Statistical Guarantees for Reasoning Probes on Looped Boolean Circuits
Anastasis Kratsios, Giulia Livieri, A. Martina Neuman
TL;DR
The paper addresses the problem of statistically evaluating reasoning probes that interrogate looped Boolean circuits with partial observability. It introduces a GCN-based probing framework where probe outputs live in the interior of the $m$-simplex and uncertainty is modeled via the Aitchison geometry, coupled with a hitting-probability metric on a strongly connected digraph derived from looped execution. The main result proves a transductive generalization bound: with $N$ observed nodes, the worst-case generalization error decays at the optimal rate $\mathcal{O}\big(\sqrt{\log(2/\delta)}/\sqrt{N}\big)$ with probability at least $1-\delta$, and this rate is independent of the graph size thanks to a one-dimensional snowflake embedding of the induced graph metric.
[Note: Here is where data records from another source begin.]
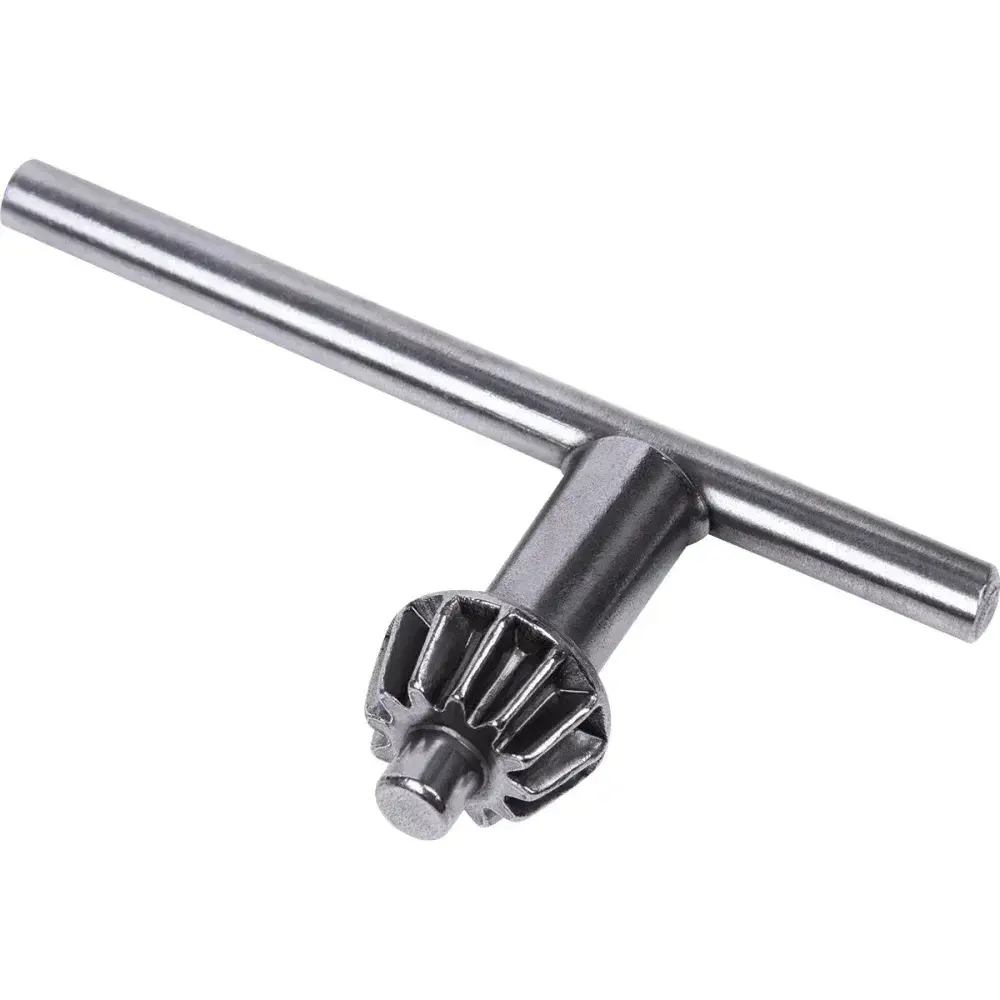 Mandril com chave 10MM 3/8X24 Worker — fotografia 10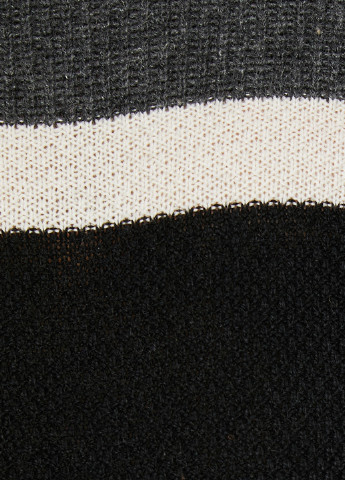 Комбінований демісезонний светр KOTON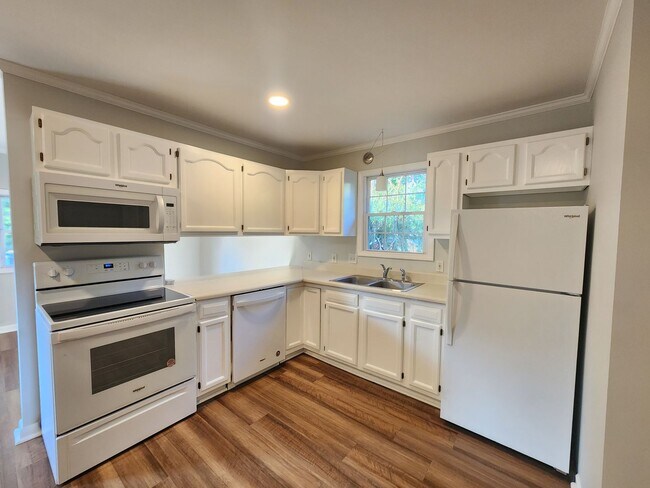 Foto del edificio - Asheville Rental!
The work also provides Lipschitz estimates for GCNs on digraphs and develops a metric-embedding-based proof strategy, offering a principled link between circuit structure and statistical efficiency under partial access.
Abstract
We study the statistical behaviour of reasoning probes in a stylized model of looped reasoning, given by Boolean circuits whose computational graph is a perfect $ν$-ary tree ($ν\ge 2$) and whose output is appended to the input and fed back iteratively for subsequent computation rounds. A reasoning probe has access to a sampled subset of internal computation nodes, possibly without covering the entire graph, and seeks to infer which $ν$-ary Boolean gate is executed at each queried node, representing uncertainty via a probability distribution over a fixed collection of $\mathtt{m}$ admissible $ν$-ary gates. This partial observability induces a generalization problem, which we analyze in a realizable, transductive setting. We show that, when the reasoning probe is parameterized by a graph convolutional network (GCN)-based hypothesis class and queries $N$ nodes, the worst-case generalization error attains the optimal rate $\mathcal{O}(\sqrt{\log(2/δ)}/\sqrt{N})$ with probability at least $1-δ$, for $δ\in (0,1)$. Our analysis combines snowflake metric embedding techniques with tools from statistical optimal transport. A key insight is that this optimal rate is achievable independently of graph size, owing to the existence of a low-distortion one-dimensional snowflake embedding of the induced graph metric. As a consequence, our results provide a sharp characterization of how structural properties of the computational graph govern the statistical efficiency of reasoning under partial access.